HMRC has confirmed an annual £60,000 rule for state pensioners. A pension saver reached out to the Labour Party government's tax arm over X, formerly Twitter, asking about a pension rule.
Query and Response
The saver asked: "If I retire at the end of April 2026 from full-time employment how much can I put into my private pension for tax year 26/27? If it is based on earnings for the year can I still use any unused allowance from previous years?"
On the social networking site, HMRC replied: "You will only have roughly one month of earnings for the 2026/27 tax year. You can personally contribute up to 100% of your relevant UK earnings for the 2026/27 tax year. This is further capped at the standard Annual Allowance, which is £60,000 for the 2026/27 tax year."

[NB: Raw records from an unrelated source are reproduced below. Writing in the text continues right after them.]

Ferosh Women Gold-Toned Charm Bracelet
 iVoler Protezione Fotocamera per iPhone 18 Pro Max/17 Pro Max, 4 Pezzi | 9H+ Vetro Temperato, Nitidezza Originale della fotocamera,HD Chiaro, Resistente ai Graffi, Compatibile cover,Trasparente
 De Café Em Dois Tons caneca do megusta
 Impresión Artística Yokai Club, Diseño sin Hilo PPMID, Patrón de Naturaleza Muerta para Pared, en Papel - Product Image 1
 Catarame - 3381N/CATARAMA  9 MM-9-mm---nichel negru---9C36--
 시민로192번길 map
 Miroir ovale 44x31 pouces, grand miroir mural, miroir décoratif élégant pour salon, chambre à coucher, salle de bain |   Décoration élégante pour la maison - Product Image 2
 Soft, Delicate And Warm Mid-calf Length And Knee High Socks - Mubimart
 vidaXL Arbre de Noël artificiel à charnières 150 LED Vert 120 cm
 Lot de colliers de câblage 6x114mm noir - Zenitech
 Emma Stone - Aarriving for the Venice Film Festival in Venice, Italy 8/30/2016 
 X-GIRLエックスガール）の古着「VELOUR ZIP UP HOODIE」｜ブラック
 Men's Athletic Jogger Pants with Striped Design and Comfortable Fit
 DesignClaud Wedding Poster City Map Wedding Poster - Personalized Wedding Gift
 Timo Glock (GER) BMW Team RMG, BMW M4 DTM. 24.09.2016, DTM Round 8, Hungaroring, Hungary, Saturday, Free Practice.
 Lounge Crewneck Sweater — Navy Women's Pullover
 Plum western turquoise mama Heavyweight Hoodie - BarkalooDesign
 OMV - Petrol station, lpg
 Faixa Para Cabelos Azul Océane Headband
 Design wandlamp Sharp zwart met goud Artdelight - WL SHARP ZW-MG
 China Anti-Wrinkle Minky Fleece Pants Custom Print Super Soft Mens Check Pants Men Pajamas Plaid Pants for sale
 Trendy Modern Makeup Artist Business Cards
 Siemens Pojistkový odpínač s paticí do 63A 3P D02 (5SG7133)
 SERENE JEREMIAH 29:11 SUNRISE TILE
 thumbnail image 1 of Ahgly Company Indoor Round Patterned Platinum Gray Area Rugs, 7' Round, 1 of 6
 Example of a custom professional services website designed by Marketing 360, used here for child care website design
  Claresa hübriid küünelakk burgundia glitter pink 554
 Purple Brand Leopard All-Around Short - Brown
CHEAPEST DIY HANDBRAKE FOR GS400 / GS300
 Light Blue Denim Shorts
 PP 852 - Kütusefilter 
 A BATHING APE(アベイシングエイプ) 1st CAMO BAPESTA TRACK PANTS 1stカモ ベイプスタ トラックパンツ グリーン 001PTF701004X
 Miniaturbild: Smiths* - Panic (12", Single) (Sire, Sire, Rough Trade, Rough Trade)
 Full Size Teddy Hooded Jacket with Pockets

Understanding the Annual Allowance
Your annual allowance is the most you can save in your pension pots in a tax year (6 April to 5 April) before you have to pay tax. You will only pay tax if you go above the annual allowance. This is £60,000 this tax year.
Your annual allowance applies to all of your private pensions, if you have more than one. This includes the total amount paid into a defined contribution scheme in a tax year by you or anyone else (for example, your employer) or any increase in a defined benefit scheme in a tax year.
You might be able to carry over any annual allowance you did not use from the previous three tax years.
What to Do If You Exceed the Allowance
You will receive a statement from your pension provider telling you if you go above the annual allowance in their scheme. If you are in more than one pension scheme, ask each pension provider for statements. You can also use a calculator to work out how much you have gone above the allowance. If you go over your annual allowance, either you or your pension provider must pay the tax. Fill in the 'Pension savings tax charges' section of a Self Assessment tax return to tell HMRC about the tax, even if your pension provider pays all or part of it. You will need form SA101 if you are using a paper form.
You can still claim tax relief for pension contributions on your Self Assessment tax return if you are above the annual allowance.
HMRC does not tax anyone for going over their annual allowance in a tax year if they retired and took all their pension pots because of serious ill health or if they died.